Weiss explains the how the screw-up came about in response to Freedom of Information Act (FOIA) requests: "Under the Freedom of Information Act, you're allowed to redact certain things. But then you also have this very broad exception, it's called the 'B-5 deliberative process exemption.' And it's supposed to be so that officials can discuss policy options candidly. But oftentimes we see that B5 redaction being used as what's called the 'because I want to' redaction.
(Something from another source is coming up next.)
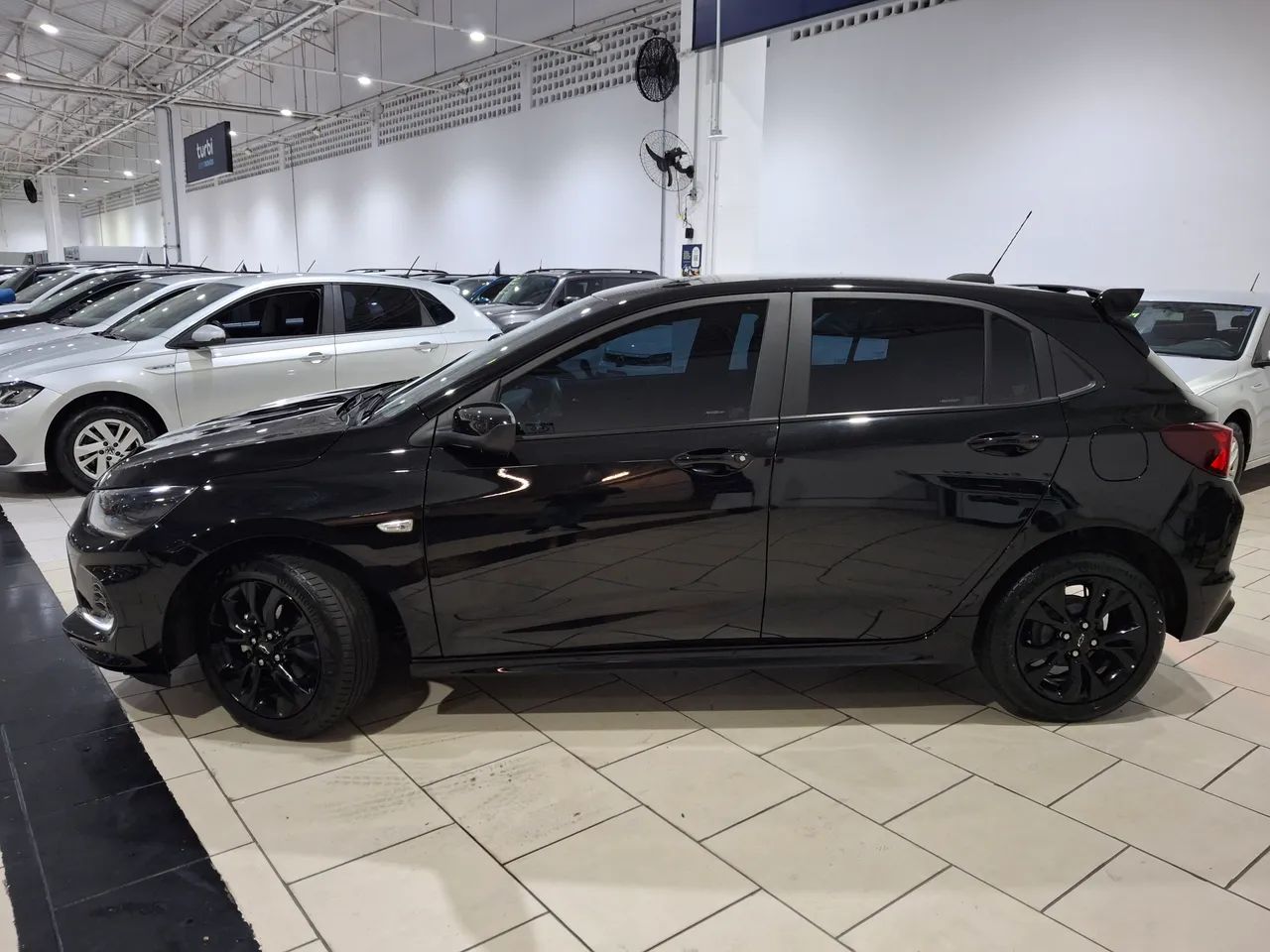 Chevrolet Onix RS 1.0 TB 12V Flex Aut. 4P, foto 5 de 10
And that's exactly what happened here, because they wanted to redact stuff that didn't look good for them, they called that stuff 'deliberative'. even though many of these sections were not discussing policy options, they were just basic facts."
"If you look at what got mistakenly unredacted in just this one document, and think about the tens of thousands of other pages already released and yet to be released, it does raise huge questions about the way they're abusing that B5 deliberative exemption."
He goes on to offer an update on the several legal challenges facing the unprecedented closures by the Trump Administration, and how the unredacted revelations underscore Team Trump's pretty clear aim of aiding their friends in the fossil fuel extraction industry at the expense of all others. Weiss also highlights a newly emerging scandal regarding what appears to be a wildly corrupt development deal in Zinke's hometown of Whitefish, Montana, involving the Secretary, his wife, and the CEO of oil services giant Halliburton.
Finally today, we share a portion of a short video rant unleashed yesterday by Ring of Fire co-host Farron Cousins, regarding concerns about election system security and hacking in the upcoming election. In the clip, he argues that these worries might have been avoided entirely had both Democrats and Republicans listened "to people like Brad Friedman at The BRAD BLOG" who have been warning about these concerns "for more than 14 years". "If we would have listened to them years ago," Cousins argues, "we wouldn't even be having this conversation today." [Fact-check: Mostly true!]